» TASK PROMPT
Look below for the line containing "Fresh paraguay peach on brown wood Fresh" and the line containing "A modern home", then set down both and every line between them exactly, without pictures.

» RECORDS PROVIDED
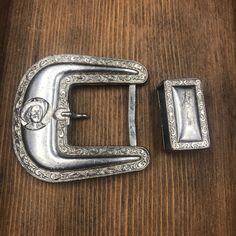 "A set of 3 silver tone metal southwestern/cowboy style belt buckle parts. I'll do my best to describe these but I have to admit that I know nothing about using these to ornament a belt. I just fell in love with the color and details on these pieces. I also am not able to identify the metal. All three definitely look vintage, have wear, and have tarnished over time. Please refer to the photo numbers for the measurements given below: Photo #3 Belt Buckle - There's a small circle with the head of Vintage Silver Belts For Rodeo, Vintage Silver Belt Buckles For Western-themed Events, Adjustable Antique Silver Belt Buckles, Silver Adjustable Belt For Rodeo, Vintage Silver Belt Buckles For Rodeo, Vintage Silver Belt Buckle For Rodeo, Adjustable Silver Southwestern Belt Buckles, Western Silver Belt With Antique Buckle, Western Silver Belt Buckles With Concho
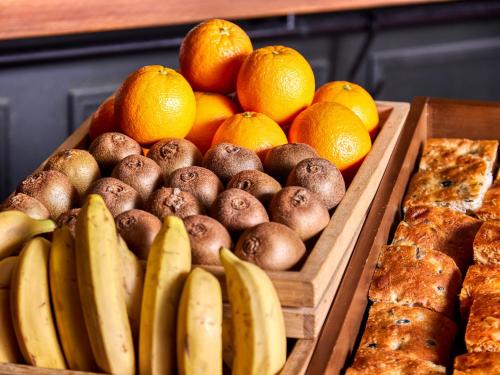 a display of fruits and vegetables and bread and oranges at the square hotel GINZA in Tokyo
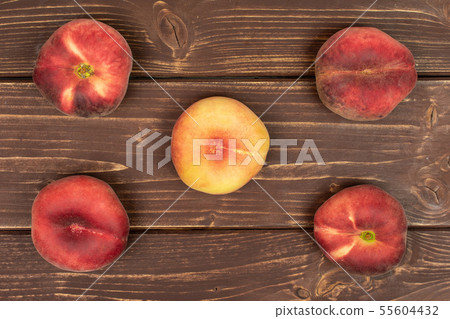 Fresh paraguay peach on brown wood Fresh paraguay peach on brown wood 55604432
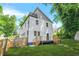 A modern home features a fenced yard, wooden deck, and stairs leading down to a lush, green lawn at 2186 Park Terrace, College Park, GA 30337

---

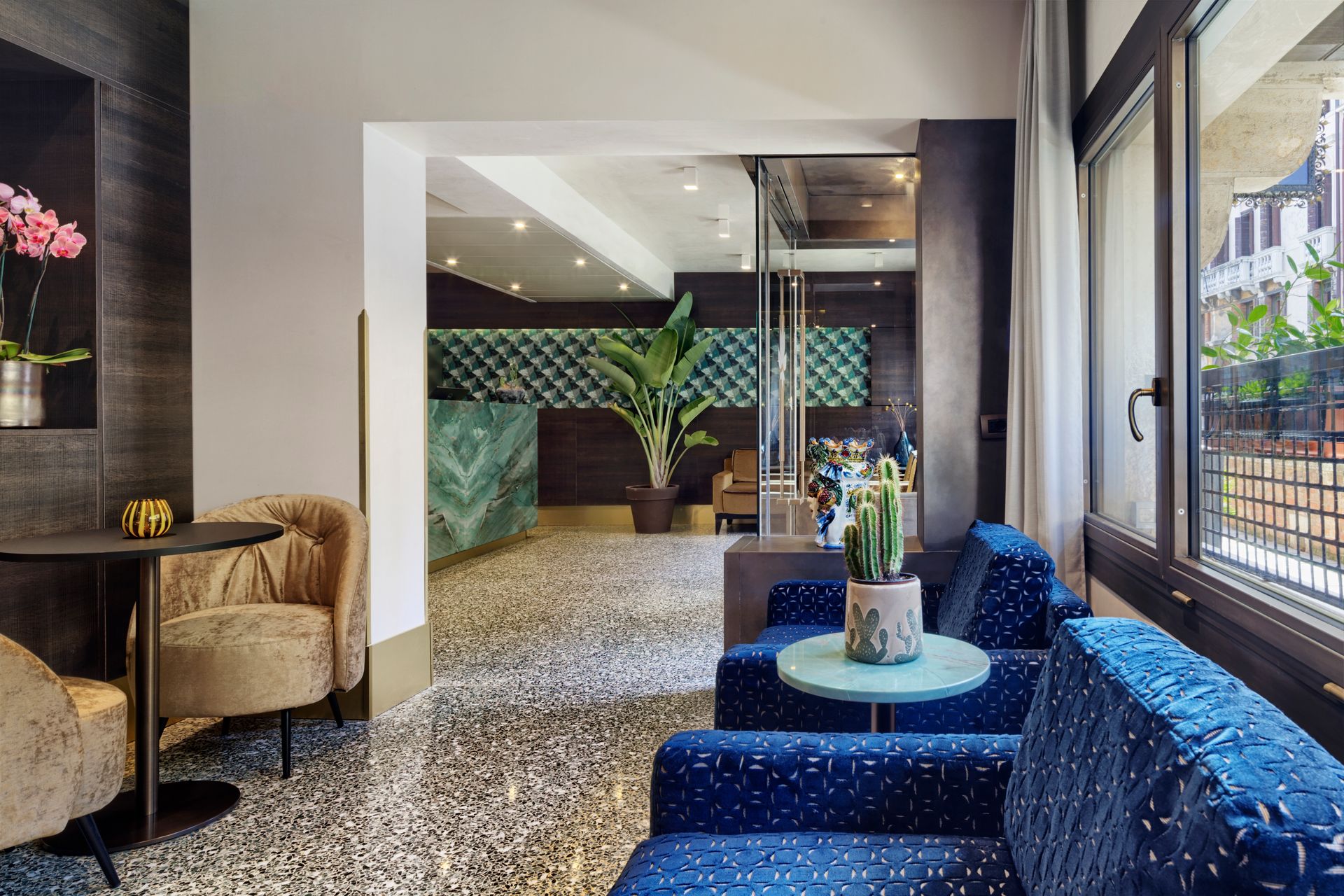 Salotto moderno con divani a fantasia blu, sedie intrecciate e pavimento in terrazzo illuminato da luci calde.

---

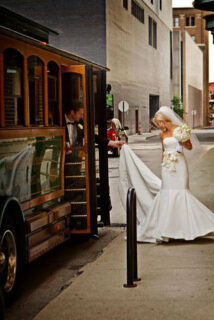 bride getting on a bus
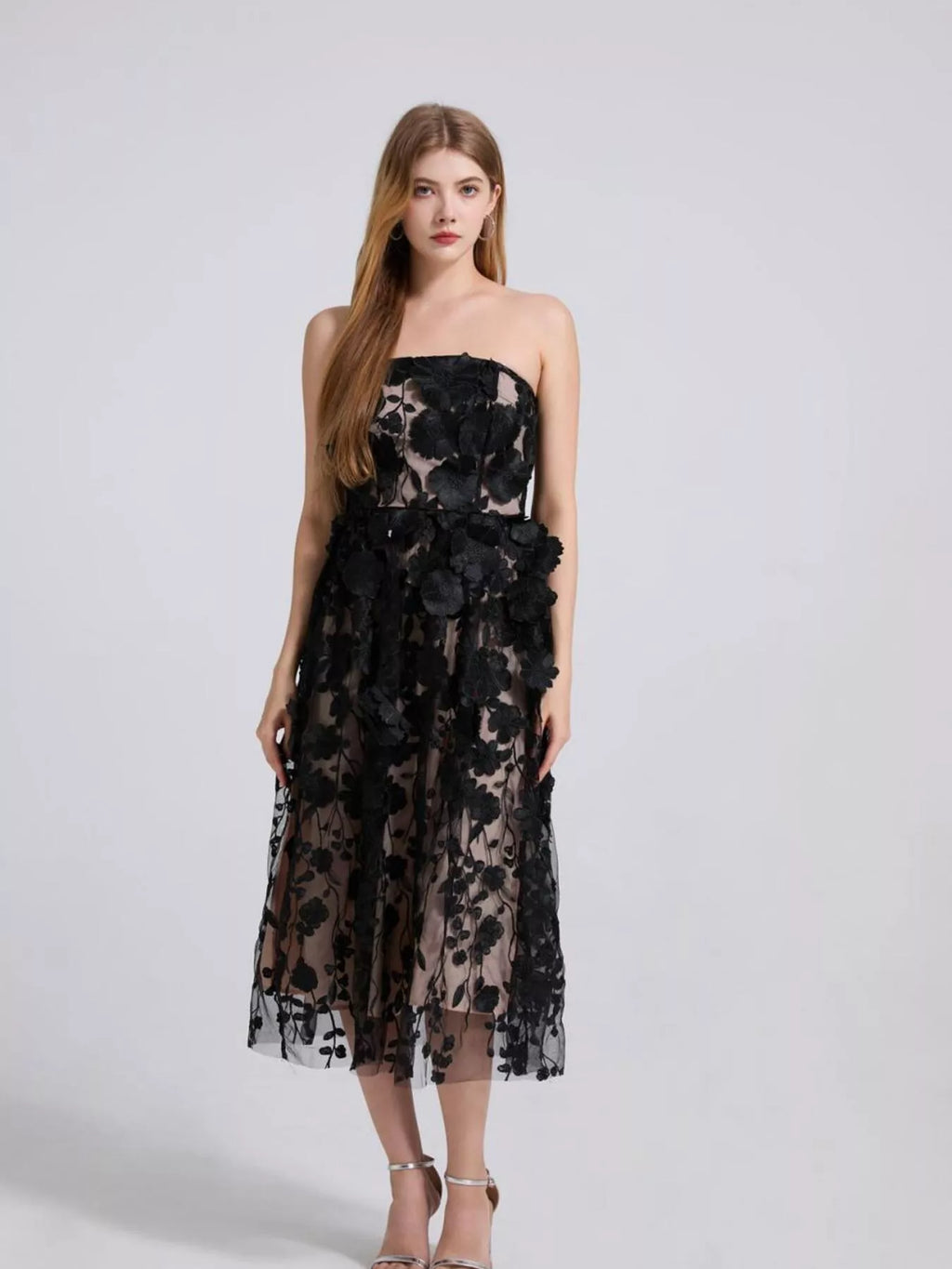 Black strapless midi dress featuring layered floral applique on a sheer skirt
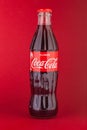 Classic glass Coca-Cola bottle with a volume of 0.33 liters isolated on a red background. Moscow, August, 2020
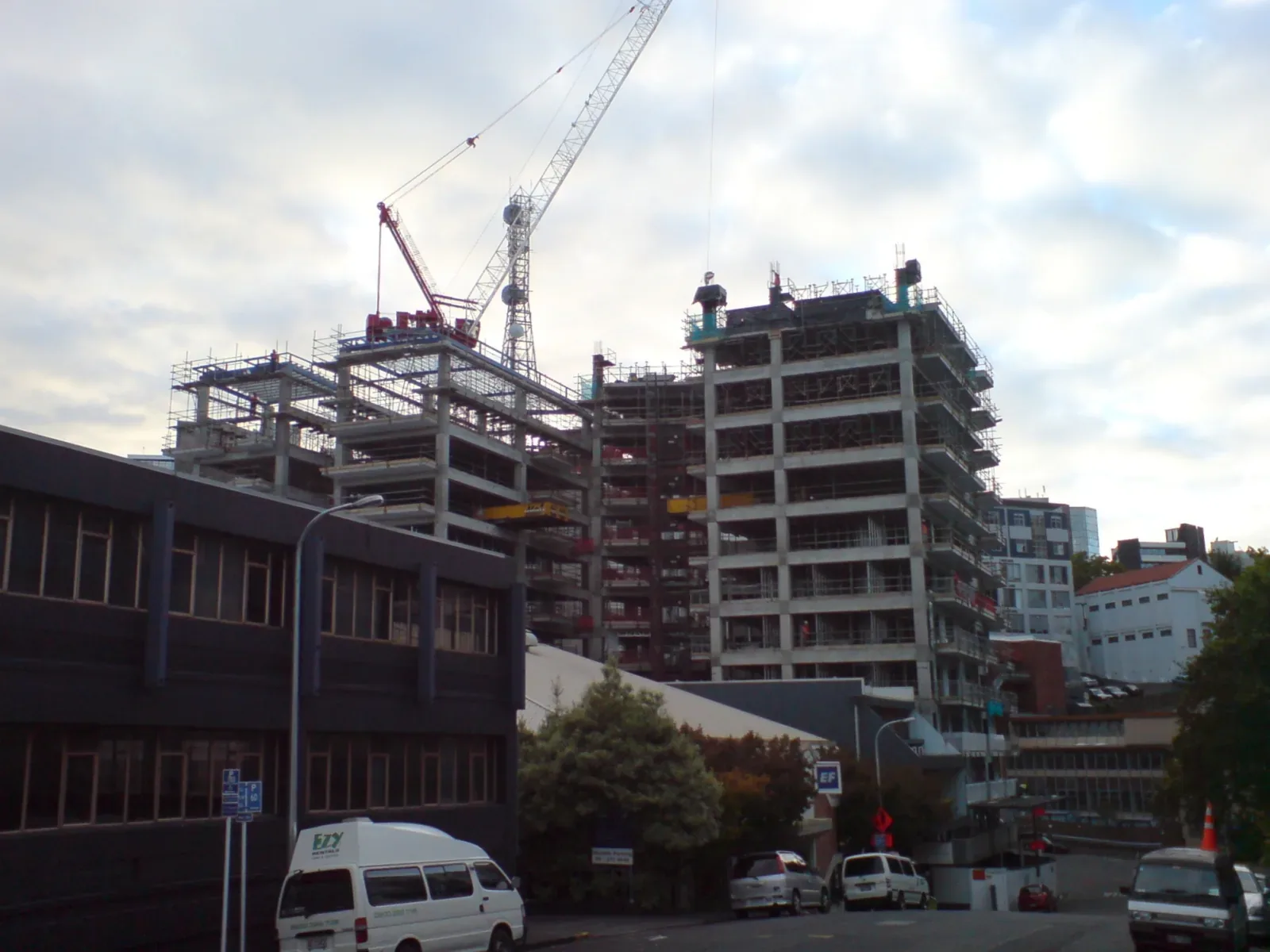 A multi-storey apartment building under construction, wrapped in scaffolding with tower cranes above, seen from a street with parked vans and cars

» RESPONSE TO THE TASK
 Fresh paraguay peach on brown wood Fresh paraguay peach on brown wood 55604432
 A modern home features a fenced yard, wooden deck, and stairs leading down to a lush, green lawn at 2186 Park Terrace, College Park, GA 30337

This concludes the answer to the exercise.